_Exercise instructions_:
Reproduce precisely the lines of the listing below, starting with the line that contains "Barat tahun 2005" and stopping after the line that contains "Black and white striped cupcake dress"; include nothing else.

Segment Start: Supplied data

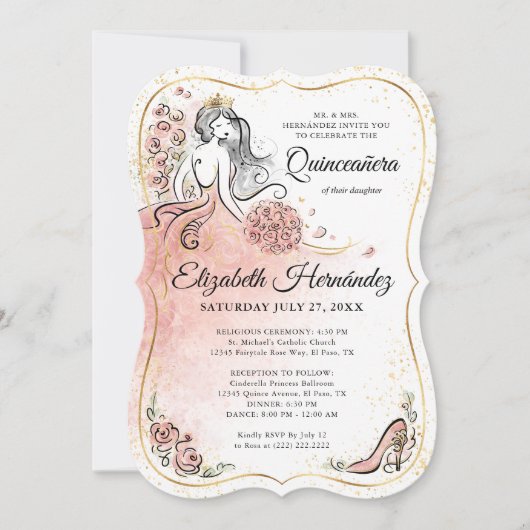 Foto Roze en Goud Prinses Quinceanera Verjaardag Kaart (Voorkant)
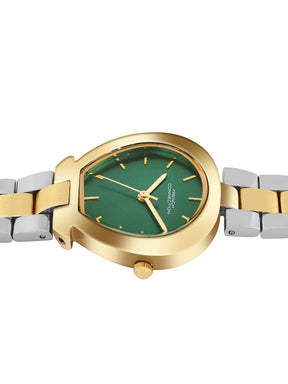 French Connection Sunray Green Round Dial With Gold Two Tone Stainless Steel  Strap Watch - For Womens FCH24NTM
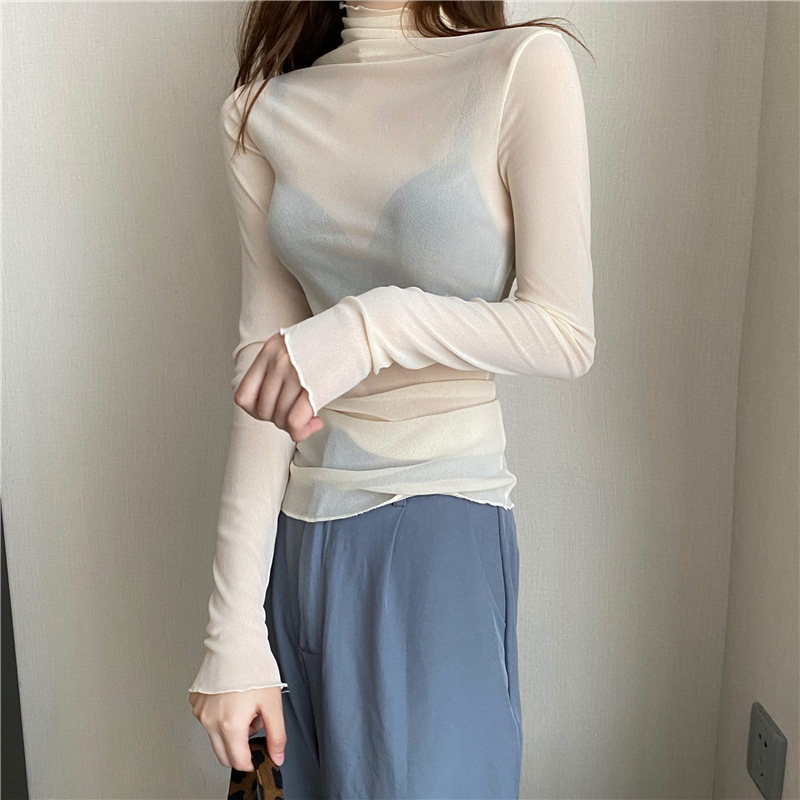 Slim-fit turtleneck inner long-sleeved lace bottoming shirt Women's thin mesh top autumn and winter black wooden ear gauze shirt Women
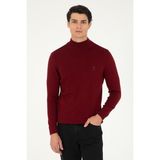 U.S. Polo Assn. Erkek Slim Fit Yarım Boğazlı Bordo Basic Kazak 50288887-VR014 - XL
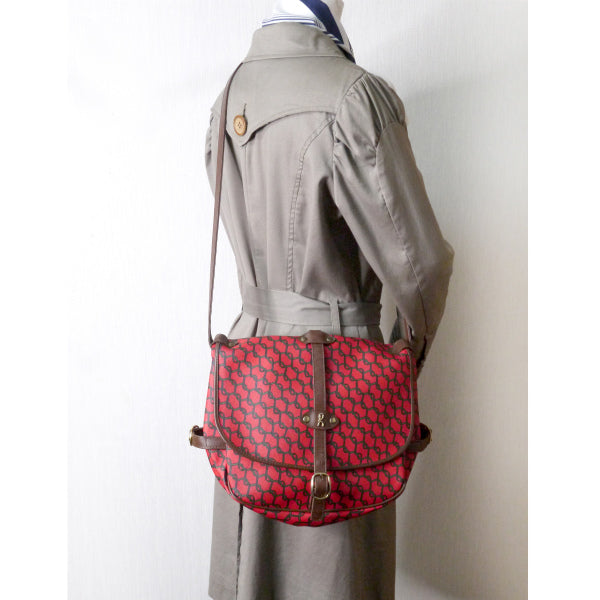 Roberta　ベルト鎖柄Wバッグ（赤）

Segment End: Supplied data
Segment Start: Supplied data

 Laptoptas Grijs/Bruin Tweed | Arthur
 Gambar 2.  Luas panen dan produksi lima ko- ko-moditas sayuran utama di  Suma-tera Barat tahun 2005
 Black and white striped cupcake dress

Segment End: Supplied data
Segment Start: Supplied data

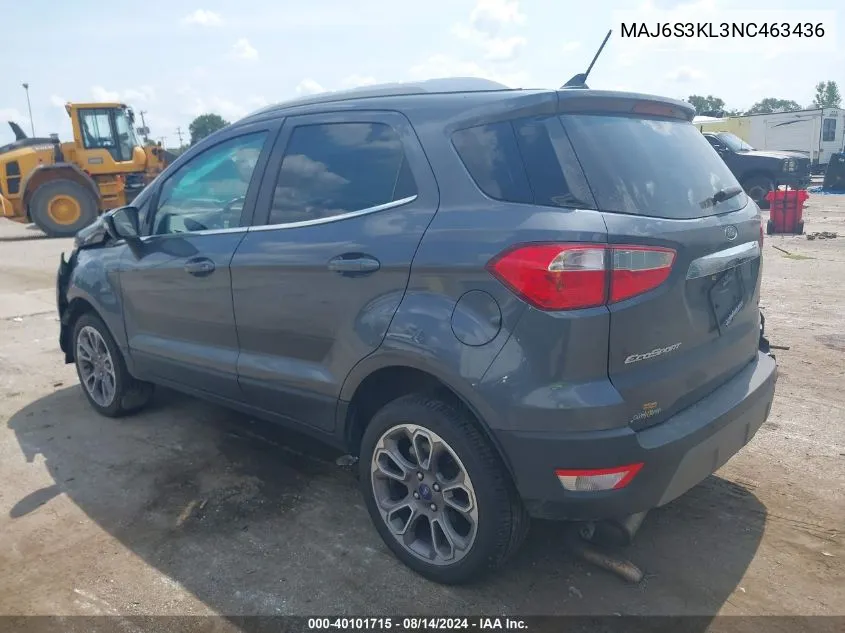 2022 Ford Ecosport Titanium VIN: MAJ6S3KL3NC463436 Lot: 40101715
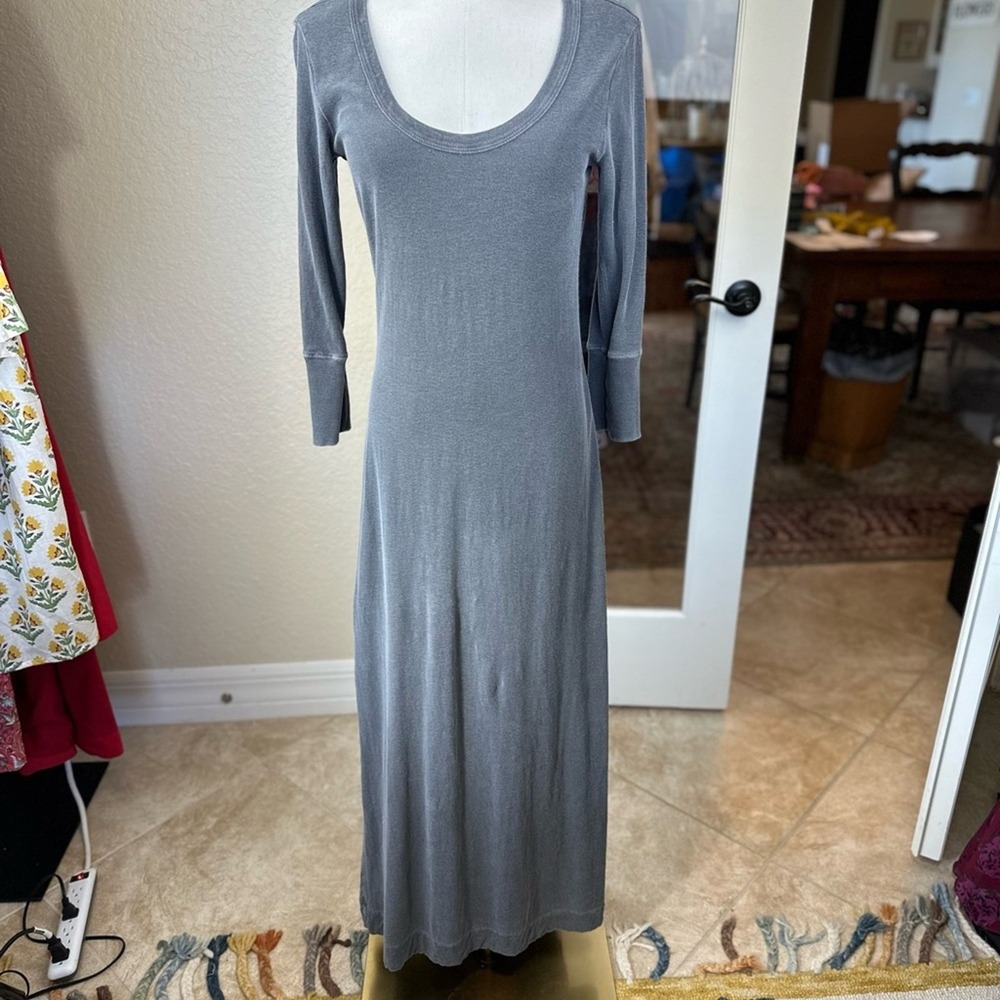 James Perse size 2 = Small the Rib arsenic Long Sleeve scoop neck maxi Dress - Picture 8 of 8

Segment End: Supplied data

_Response to this task_:
 Gambar 2.  Luas panen dan produksi lima ko- ko-moditas sayuran utama di  Suma-tera Barat tahun 2005
 Black and white striped cupcake dress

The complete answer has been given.